Y allí estaba, efectivamente, Adalaura, establecida, con su despacho decorado por el hombre invisible, y con una placa surrealista en la puerta. Decidió que nada la iba a deprimir, así que a la mañana siguiente, a una hora prudencial cercana al mediodía, tras haber madrugado y haber dedicado varias horas a su toilette, Adalaura se sentó por primera vez en su despacho y se dispuso a esperar a su primer cliente. Estaba segura de que no tendría que esperar mucho, y que pronto estaría ocupada en varios casos, a cual más emocionante. A los diez minutos se había trasegado dos whiskies (Adalaura había dado gracias a los dioses al comprobar que la mesa de su despacho era a su vez un coqueto mueble-bar), iba por el tercero, y maldecía su suerte, su futuro, su decisión de ser detective, y de paso, su elección de ropa interior para la jornada, que la tenía incomodísima y sin encontrar postura. Estaba a punto de prorrumpir en desgarradores sollozos, mesándose al tiempo la cabellera, cuando un horrísono ulular la dejó literalmente seca, ya que de la impresión se bebió el tercer whisky de un trago. Convencida de que las puertas del infierno se habían abierto, estuvo a punto de arrepentirse de todos sus pecados, pero, como chica racional que era, en un momento comprendió que el escalofriante sonido no era otra cosa que el timbre de la puerta que Hermafrodante, en otro de sus alardes creativos, había instalado.
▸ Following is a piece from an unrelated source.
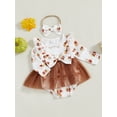 thumbnail image 5 of Baby Toddler Girls Thanksgiving Romper Dress 0 3 6 12 18 Months Flying Sleeve Turkey Print Jumpsuit with Headband, 5 of 9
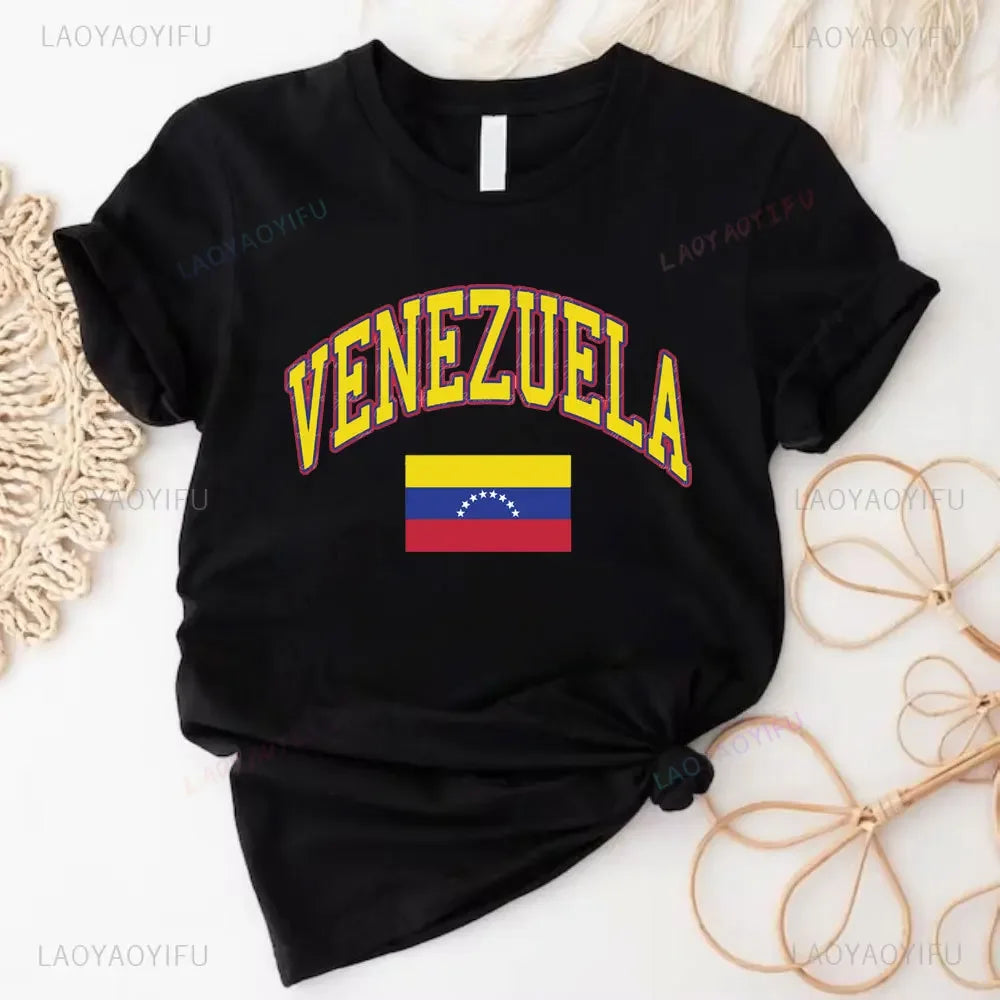 Venezuela Flag Gift T-Shirt South America Venezuelan Heritage Cotton Shirt Proud Roots Born Friends Family Present Venezuelans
Adalaura escondió el vaso, recompuso su sonrisa, cruzó las piernas con insinuante coquetería, se perfumó sutilmente, desabrochó un botón más de su blusa, y, finalmente, accionó el botón del pulsador que estaba sobre la mesa, y que Hermafrodante había etiquetado convenientemente con un pequeño rótulo que decía: "Puerta". Había tres botones más sin ningún tipo de etiqueta, lo que había dejado perpleja a Adalaura cuando los vio, así que hizo nueva una anotación en su ya nutrida libreta mental de preguntas para el singular decorador. 
Precisamente fue Hermafrodante el que hizo su aparición en el despacho, aunque Adalaura no le reconoció inmediatamente, pues el estiloso decorador lucía un traje de raso fucsia, corpiño a juego con incrustaciones de pedrería, peluca platino cardada talla XXL, y maquillaje suficiente para camuflar a todo un regimiento de marines especialmente feroces. 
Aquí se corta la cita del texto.